(IslamToday ID)—Pada 26 Juli 2023, pengawal presiden Republik Niger menahan Presiden Mohamed Bazoum. Tentara pada awalnya tidak memihak para pemberontak, malah mengambil posisi berjaga di fasilitas penting yang strategis di Niamey, ibu kota Niger, dengan seruan hati-hati untuk menghindari kekerasan.
Pada malam tanggal 26 Juli, Kolonel Angkatan Udara Niger Amadu Abdraman berbicara di televisi.
Dalam sebuah pernyataan atas nama para pembangkang dia mengumumkan deposisi Presiden Bazoum dan pembentukan Dewan Nasional untuk Perlindungan Tanah Air (Conseil National pour la Sauvegarde de la Patrie).
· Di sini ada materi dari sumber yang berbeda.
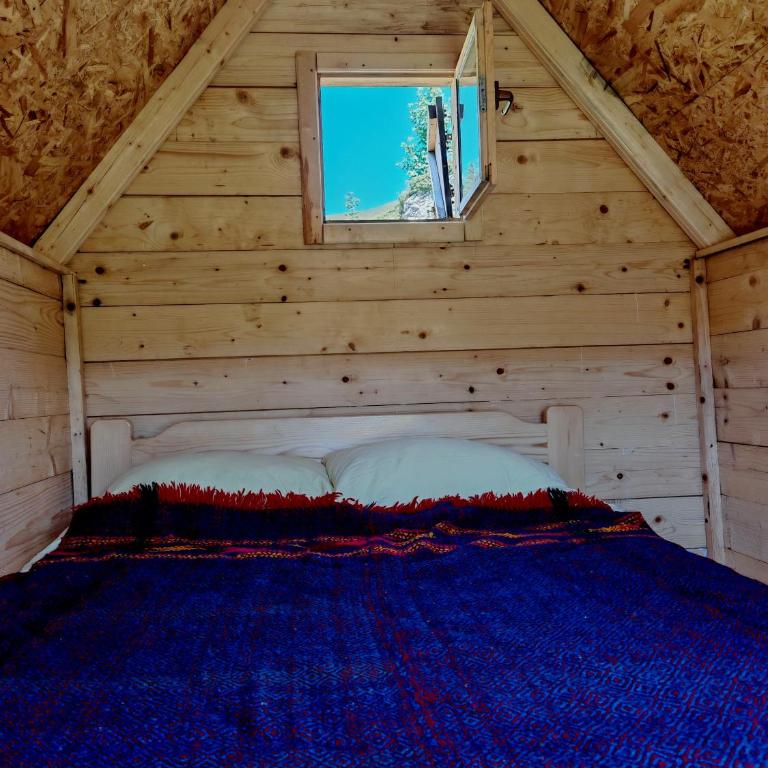 Hacijenda Bogavac, Dolovi Lalevica - Brvnara sa 1 Spavaćom Sobom - 3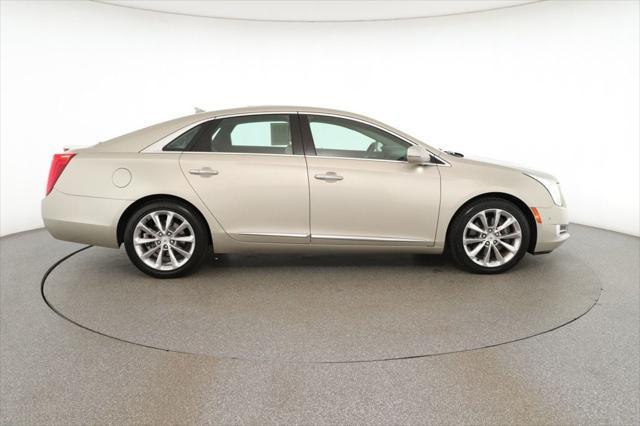 2014 cadillac xts luxury
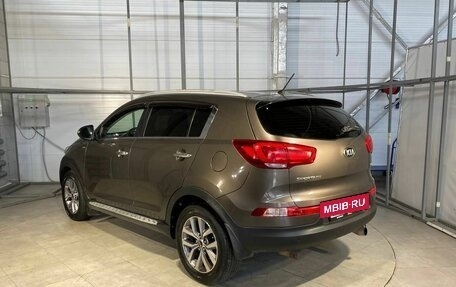 KIA Sportage III, 2014 год, 1 599 000 рублей, 7 фотография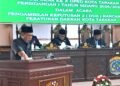 DPRD Ketok Perda SOTK Baru, Ini OPD Tarakan Resmi Digabung Demi Efisiensi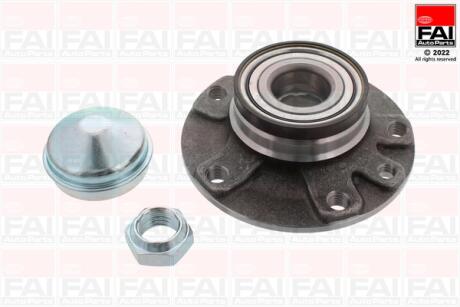 FAI ALFA ROMEO підшипник задньої маточини з датчиком ABS GIULIETTA 1.4 TB 10-16, GIULIETTA 2.0 JTDM 10-20 Fischer Automotive One (FA1) FHBK1177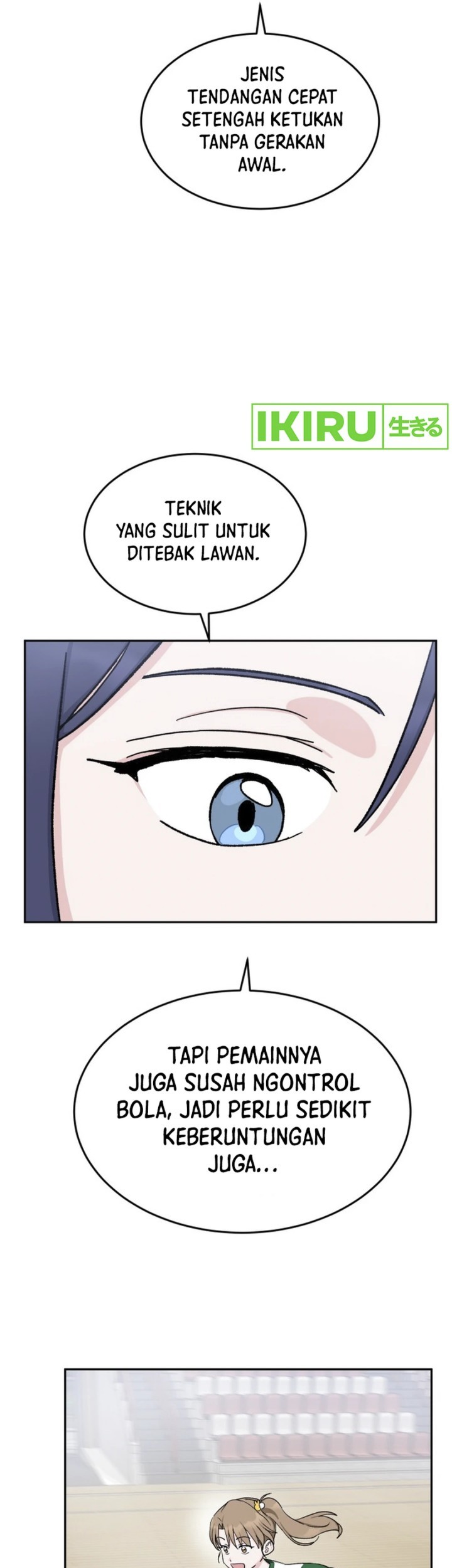 Tiki-Taka Chapter 32 Gambar 17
Dia mengutip “situasi keamanan yang memburuk” dan “pemerintahan yang buruk” sebagai alasan utama kudeta.
Pada 27 Juli, sebuah pernyataan diposting di Twitter oleh akun tidak resmi angkatan bersenjata Niger (Forces Armées Nigériennes), yang sebagian besar menerbitkan laporan berita tentang operasi militer.
Pernyataan tersebut, yang ditandatangani oleh KSAD, Jenderal Abdou Sidikou Issa, menyatakan dukungan untuk “Pasukan Pertahanan dan Keamanan”, sebagaimana para pemberontak menyebut diri mereka dalam pidato yang disiarkan televisi.
Pada pagi hari tanggal 28 Juli, terungkap bahwa Abdourahamane Tchiani, komandan pengawal presiden, telah diangkat menjadi kepala Dewan Nasional Perlindungan Tanah Air Niger.
Burkina Faso, Guinea dan Mali menyuarakan dukungan untuk pemerintahan baru. Namun, kudeta dikecam oleh Komunitas Ekonomi Negara-Negara Afrika Barat (ECOWAS), Uni Afrika, PBB (termasuk dewan keamanan), Prancis, AS, dan Rusia. China memilih untuk tidak membuat deklarasi apa pun.
Pada pertemuan puncak luar biasa yang diadakan pada 30 Juli, ECOWAS menuntut agar Presiden Bazoum yang digulingkan dikembalikan jabatanya.
Jika ini gagal terjadi dalam waktu seminggu, organisasi tersebut mengancam akan “mengambil semua tindakan yang diperlukan untuk memulihkan tatanan konstitusional di Republik Niger”.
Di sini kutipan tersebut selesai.